Solution 5: Using GNU Make

First study the Makefile:

# directory containing source data
SRCDIR := data

# directory containing intermediate data
TMPDIR := processed_data

# results directory
RESDIR := results

# all source files (book texts)
SRCS = $(wildcard $(SRCDIR)/*.txt)

# all intermediate data files
DATA = $(patsubst $(SRCDIR)/%.txt,$(TMPDIR)/%.dat,$(SRCS))

# all images
IMAGES = $(patsubst $(SRCDIR)/%.txt,$(RESDIR)/%.png,$(SRCS))

all: $(DATA) $(IMAGES) $(RESDIR)/results.txt

$(TMPDIR)/%.dat: $(SRCDIR)/%.txt source/wordcount.py
        python source/wordcount.py $< $@

$(RESDIR)/%.png: $(TMPDIR)/%.dat source/plotcount.py
        python source/plotcount.py $< $@

$(RESDIR)/results.txt: $(DATA) source/zipf_test.py
        python source/zipf_test.py $(DATA) > $@

clean:
        @$(RM) $(TMPDIR)/*
        @$(RM) $(RESDIR)/*

.PHONY: clean directories
  • A tool from the 70s often used to build software.
  • Uses specific syntax that the user writes in a Makefile.
  • Makefile specifies how to build targets from their dependencies.
  • Observe that we use wildcards instead of explicit book names.

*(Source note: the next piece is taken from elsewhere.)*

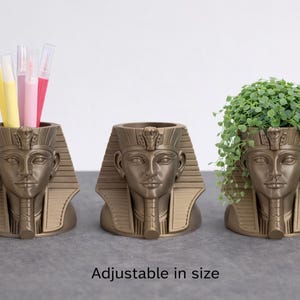 Op de afbeelding: Drie goudkleurige, Egyptische farao-hoofd-vormige plantenbakken. Eén bevat pennen, een andere is leeg en de derde is gevuld met groen. De tekst "Adjustable in size" staat onderaan.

It contains rules that relate targets to dependencies and commands:

# rule (mind the tab)
target: dependencies
	command(s)

We can think of it as follows:

outputs: inputs
	command(s)

Try it out:

$ make clean
$ make

Make uses declarative style: we describe dependencies but we let Make figure out the series of steps to produce results (targets). Fun fact: Excel is also declarative, not imperative.

Try running make again and discuss why it refused to rerun all steps:

$ make

make: Nothing to be done for 'all'.

Make a modification to a txt or a dat file and run make again and discuss what you see. One way to modify files is to use the touch command which will only update its timestamp:

$ touch data/sierra.txt
$ make

How did Make know which steps to rerun?

Finally try to run the pipeline on several cores in parallel (here we will try 4):

$ make clean
$ make -j 4

Discussion

Discuss the pros and cons of this approach. Is it reproducible? Does it scale to hundreds of books? Can it be automated?